State v. Moody

132 P.3d 985, 35 Kan. App. 2d 547, 2006 Kan. App. LEXIS 408
CourtCourt of Appeals of Kansas
DecidedApril 28, 2006
Docket93,084
StatusPublished
Cited by7 cases

This text of 132 P.3d 985 (State v. Moody) is published on Counsel Stack Legal Research, covering Court of Appeals of Kansas primary law. Counsel Stack provides free access to over 12 million legal documents including statutes, case law, regulations, and constitutions.

Bluebook
State v. Moody, 132 P.3d 985, 35 Kan. App. 2d 547, 2006 Kan. App. LEXIS 408 (kanctapp 2006).

Opinions

Green, J.:

After a jury trial, Nicholas Moody was convicted of attempted first-degree murder, conspiracy to commit first-degree murder, aggravated intimidation of a witness, and conspiracy to commit aggravated intimidation of a witness. The court sentenced Moody to 155 months’ imprisonment for attempted first-degree murder. It also sentenced Moody to concurrent sentences of 117 months for conspiracy to commit first-degree murder, 18 months for aggravated intimidation of a witness, and 8 months for conspiracy to commit aggravated intimidation of a witness. Moody timely appealed.
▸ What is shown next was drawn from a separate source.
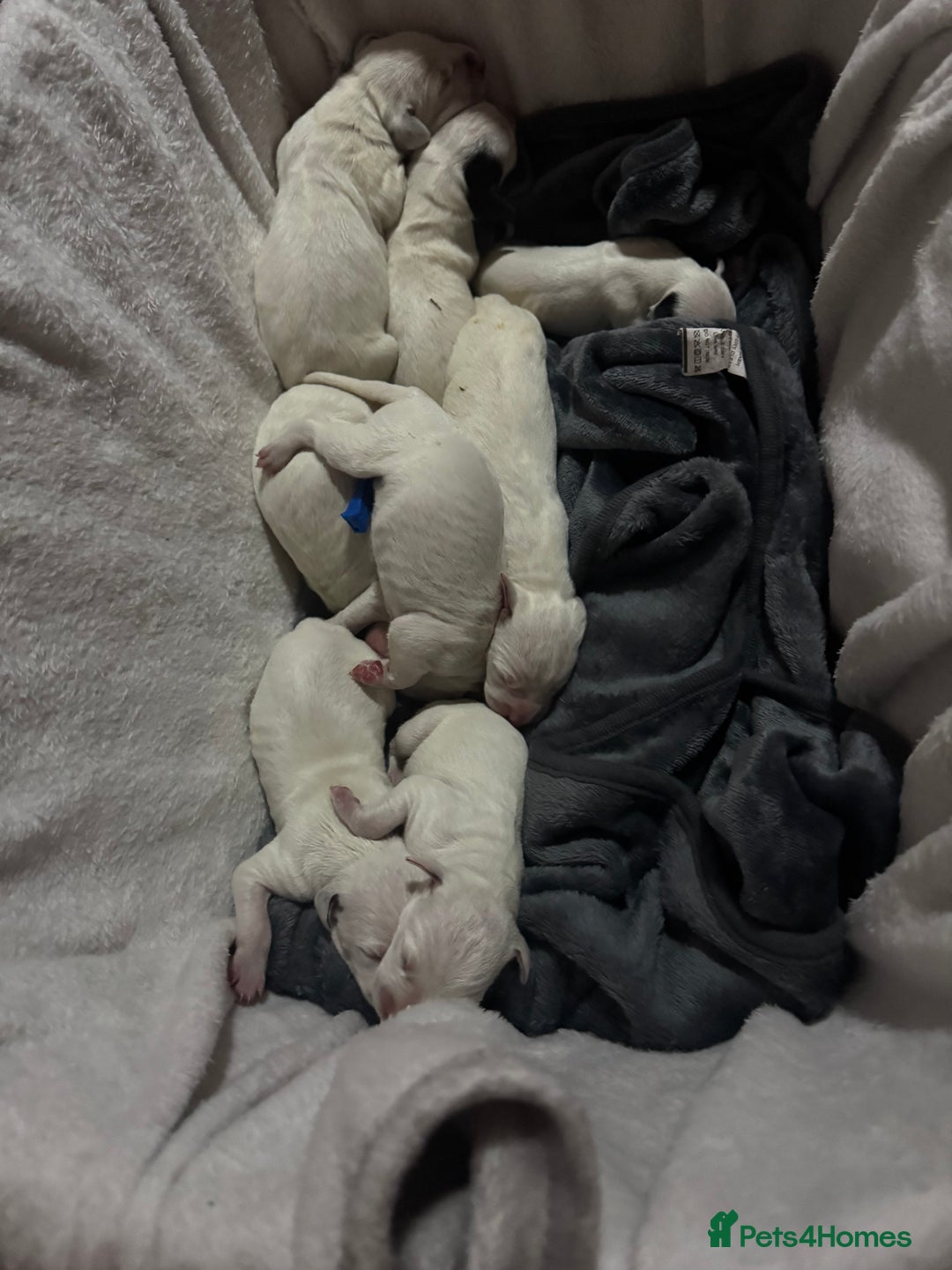 Dalmatian dogs for sale: KC Registered Dalmatian pups! - Advert 5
While on appeal, Moody moved this court to remand his case to the district court for a hearing regarding ineffective assistance of trial counsel. Moody alleged that his trial counsel was ineffective because he failed to: (1) present a videotaped statement of Travis Kohn, a State witness, to impeach the witness; (2) object to hearsay evidence presented by Gary Woodard’s trial testimony; (3) interview or subpoena Isaac Rodriguez who could have testified on Moody’s behalf; and (4) call an expert witness to testify about the effects of drug abuse on memory recall. In January 2005, this court remanded Moody’s case to the district court under State v. Van Cleave, 239 Kan. 117, 716 P.2d 580 (1986), for a determination regarding his claims of ineffective assistance of trial counsel.
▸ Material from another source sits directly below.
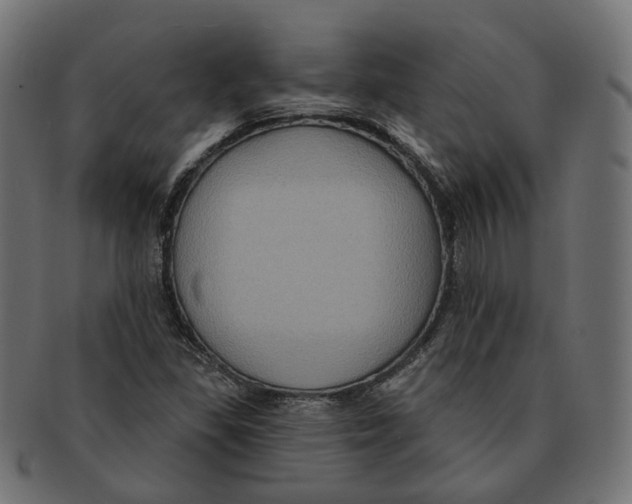 X0000091731309200709211012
Following an evidentiary hearing, the district court held that Moody’s trial counsel was effective and denied Moody’s request for a new trial. The central issue on appeal is whether the evidence was sufficient to sustain Moody’s convictions. We determine that the evidence was sufficient for a factfinder to conclude that Moody was guilty beyond a reasonable doubt of the charges. In addition, Moody contends that the trial court abused its discretion in determining that Moody’s trial counsel was effective. We disagree. Moody further asserts that his convictions for conspiracy to commit first-degree murder and conspiracy to commit aggravated intimidation of a witness were multiplicitous. We disagree. Finally, [551]*551Moody maintains that his convictions for attempted first-degree murder and aggravated intimidation of a witness were multiplicitous. We disagree. Accordingly, we affirm.
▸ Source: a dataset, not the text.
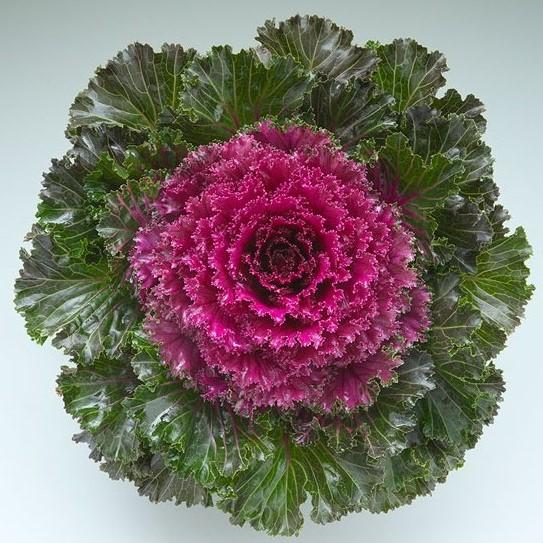 Kale Crystal Red - View 7 from www redcrocus com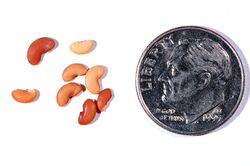 Medicago doliata seeds.JPG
I. Was the Evidence Sufficient to Support Moody’s ConvictionsP

Moody asserts that the trial evidence was insufficient to support his convictions. Moody presumably argues that the evidence was insufficient to support all of his convictions as he has failed to specify any single conviction. The State argues that the evidence was dearly sufficient to show Moody acted knowingly and intentionally but does not discuss the evidence supporting the convictions.

“ “When the sufficiency of the evidence is challenged in a criminal case, the standard of review is whether, after review of all the evidence, viewed in the light most favorable to tire prosecution, the appellate court is convinced that a rational factfinder could have found the defendant guilty beyond a reasonable doubt.’ [Citation omitted.]” State v. Calvin, 279 Kan. 193, 198, 105 P.3d 710 (2005).

A conviction may be sustained only upon evidence where every element of a crime is proven beyond a reasonable doubt. State v. Star, 27 Kan. App. 2d 930, 934, 10 P.3d 37, rev. denied 270 Kan. 903 (2000). A conviction of even the gravest offense may be sustained by circumstantial evidence. State v. Holmes, 278 Kan. 603, 632, 102 P.3d 406 (2004).

Moody essentially challenges the credibility of certain witnesses. He simply contends that the admitted drug usage and resulting memory difficulties of “key witnesses” raises questions as to the sufficiency of the evidence. Nevertheless, questions of credibility are solely the province of tire jury. See State v. Bledsoe, 272 Kan. 1350, 1359, 39 P.3d 38 (2002). In reviewing the evidence for sufficiency, an appellate court cannot weigh the evidence or pass on the credibility of witnesses. State v. Mays, 277 Kan. 359, 363, 85 P.3d 1208 (2004). Thus, we decline Moody’s invitation to reweigh the evidence or reassess the credibility of witnesses.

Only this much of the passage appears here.